[TASK DATA]:
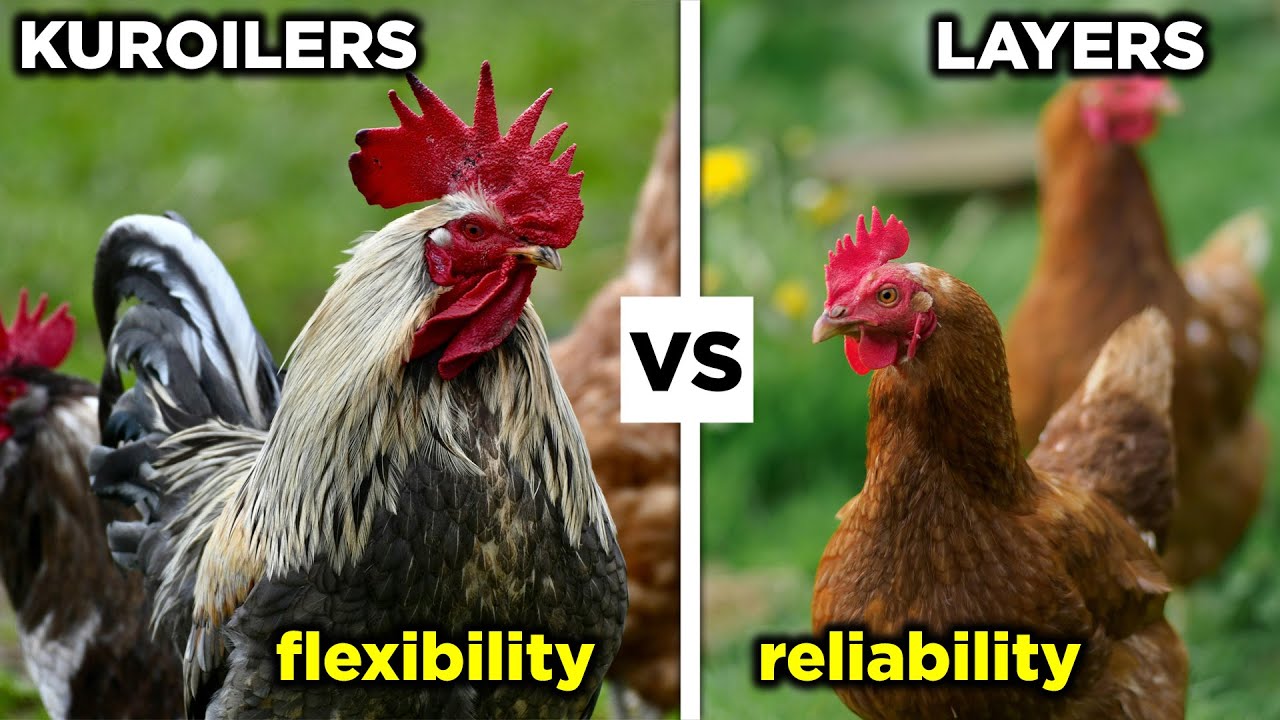 Layers Vs Kuroilers | Which is BETTER?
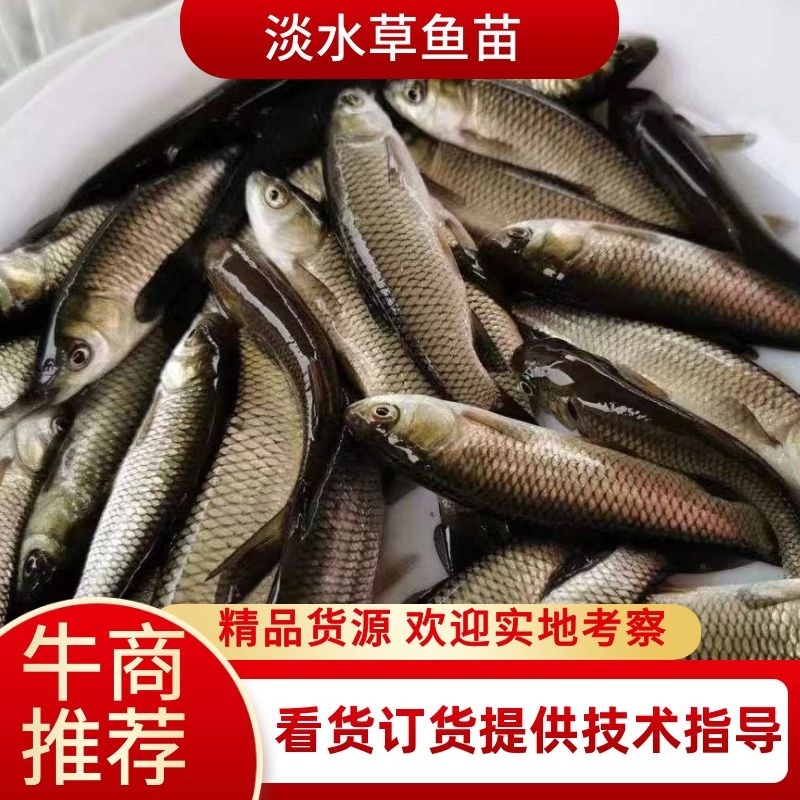 草鱼苗优质淡水养殖基地直供全国包邮送货上门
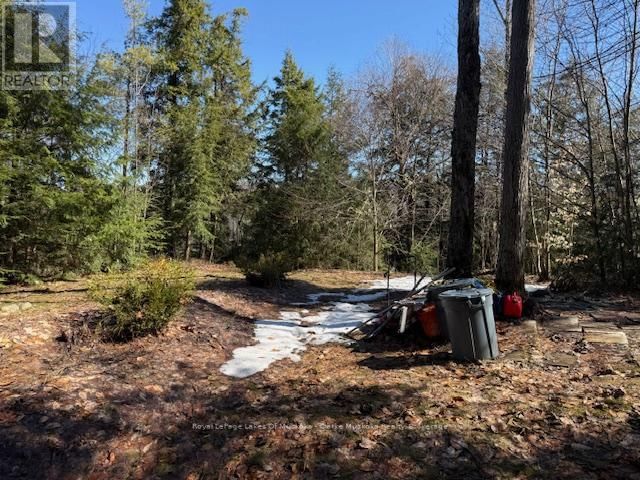 0 SOUTH CRANE LAKE ROAD Image 3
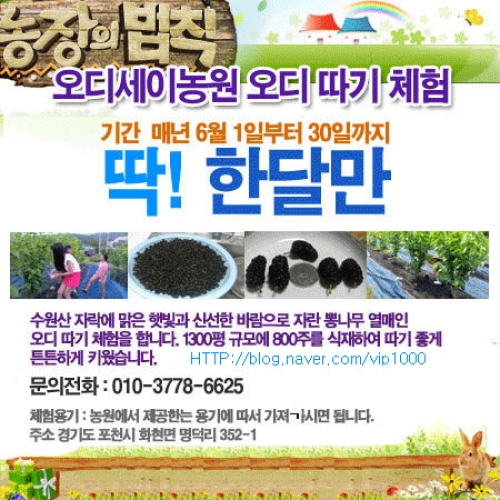 오디따러 오세요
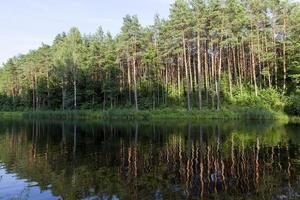 reflejo del bosque, río foto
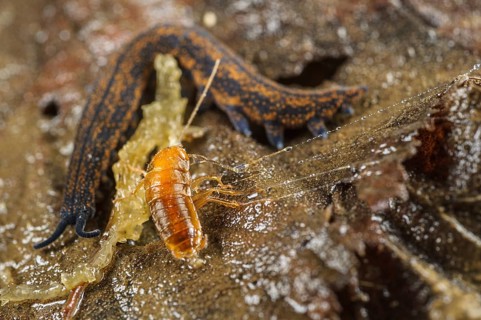 Adult New Zealand velvet worm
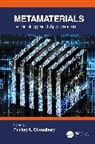 Pankaj K. Choudhury, Pankaj K. Choudhury - Metamaterials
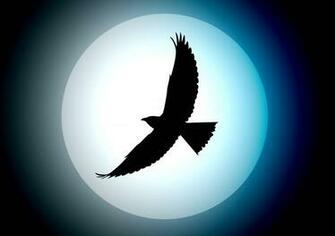 Birds Silhouette Wallpaper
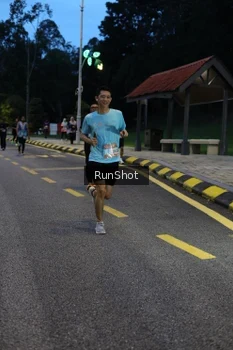 Runner Photo 4293979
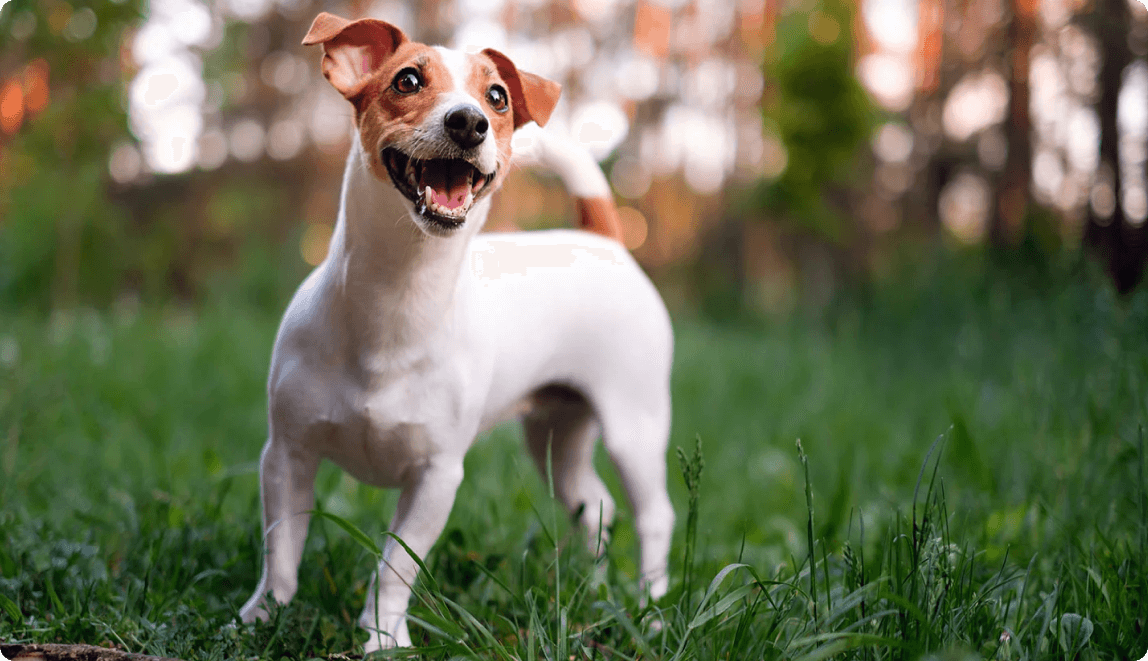 dog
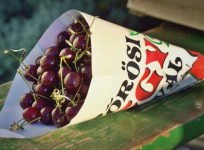 Nagykőrös - Tiszakécske a möggy ünnepén: Buszos utazás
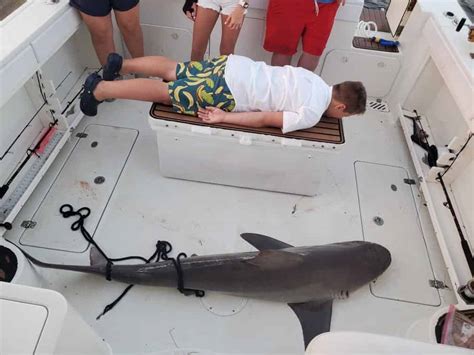 Destin Shark Fishing Adventure Tripshock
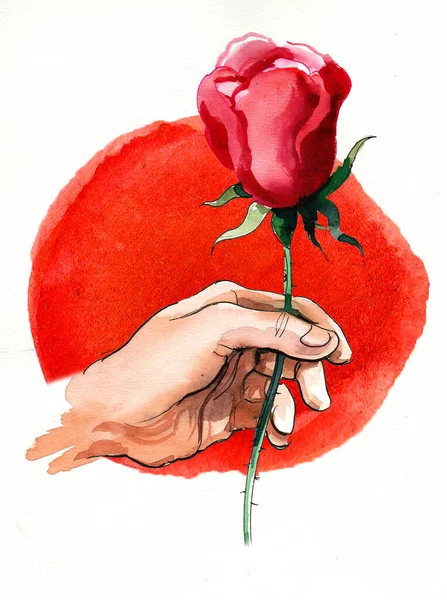 Hand with a red rose flower. Hand-drawn ink and watercolor sketch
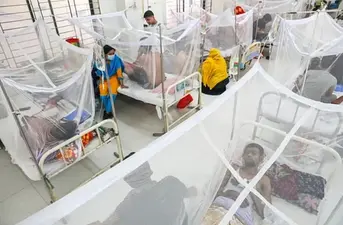 ডেঙ্গুতে আক্রান্ত হয়ে হাসপাতালে ভর্তি ৫০ হাজার ছাড়াল, এ পর্যন্ত মৃত্যু ২১৫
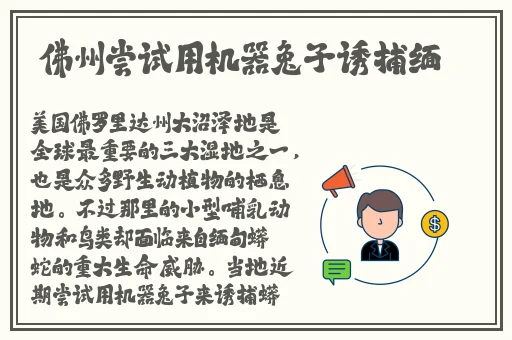 2023年x7x7x7槽台配置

[TASK DESCRIPTION]: With the pictures left out, copy exactly the lines from the one containing "ডেঙ্গুতে আক্রান্ত হয়ে" through the last line of the data.

[ANSWER BELOW]:
 ডেঙ্গুতে আক্রান্ত হয়ে হাসপাতালে ভর্তি ৫০ হাজার ছাড়াল, এ পর্যন্ত মৃত্যু ২১৫
 2023年x7x7x7槽台配置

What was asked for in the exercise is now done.